Il Corbaccio (o Laberinto d'amore) viene inizialmente datato tra il 1354 e il 1356, calcolando l'età del protagonista (quindi Boccaccio) basandosi sul passo. viene cioè effettuato il calcolo della stesura del Corbaccio sommando quarantuno anni (viene aggiunto un anno perché è l'età alla quale non si è più in fasce) all'anno di nascita di Boccaccio. Il filologo Giorgio Padoan però espone diverse e valide critiche al metodo utilizzato per la datazione dell'opera posticipando al 1365 o 1366 valutando la similitudine con le altre opere di quegli anni, in particolare le Esposizioni sopra la Comedia. Riguardo al titolo, il significato di Corbaccio non è mai stato del tutto chiarito, molti studiosi avvalorano la tesi che possa provenire da corvo, viste le molteplici analogie fra l'animale, che prima mangia gli occhi delle proprie vittime per poi cibarsi del cervello, e l'amore che rende prima ciechi e poi privi di senno.

La narrazione è incentrata sull'invettiva contro le donne. Il poeta, illuso e rifiutato da una vedova, sogna di giungere in una selva (che richiama il modello dantesco) nella quale gli uomini che sono stati troppo deboli per resistere alle donne vengono trasformati in bestie orribili: il Laberinto d'amore o il Porcile di Venere. Qui incontra il defunto marito della donna che gli ha spezzato il cuore, il quale dopo avergli elencato ogni sorta di difetto femminile, lo spinge ad allontanare ogni suo pensiero da esse lasciando più ampio spazio ai suoi studi, che invece innalzano lo spirito.

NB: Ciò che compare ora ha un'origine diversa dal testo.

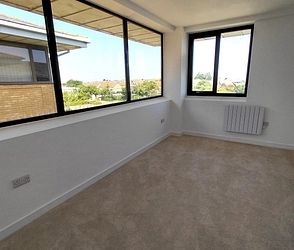 Bay View, Wraik Hill, Whitstable, CT5 3SP, Kent - Photo 3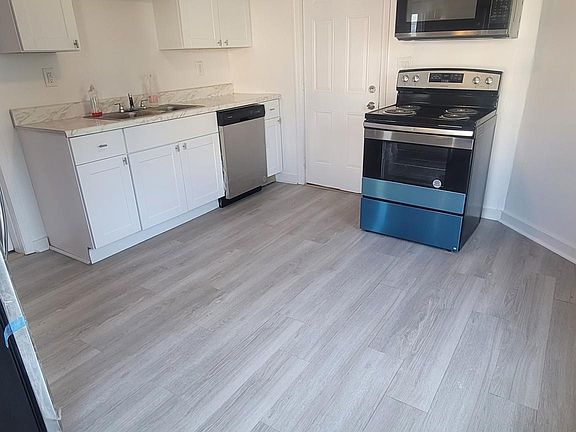 2nd image of 1020 Bolling St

Questa satira si basa in particolare sulla concezione medievale, e tutto il pensiero giovanile del Boccaccio viene capovolto. Soprattutto nel Decameron, infatti, l'amore era visto al naturale, come forza positiva e incontrastabile e quelle opere stesse erano dedicate proprio alle donne, un pubblico non letterato da allietare con opere gradevoli; ora invece l'amore è visto come causa di degrado e le donne sono respinte in nome delle Muse, emblema di una letteratura più elevata e austera. Questo capovolgimento è da attribuire in particolar modo ai turbamenti religiosi propri di Boccaccio negli ultimi periodi della sua vita e il trasporto maggiore che egli ebbe per una letteratura di alto livello, i cui destinatari non potevano che essere solo ed esclusivamente dotti.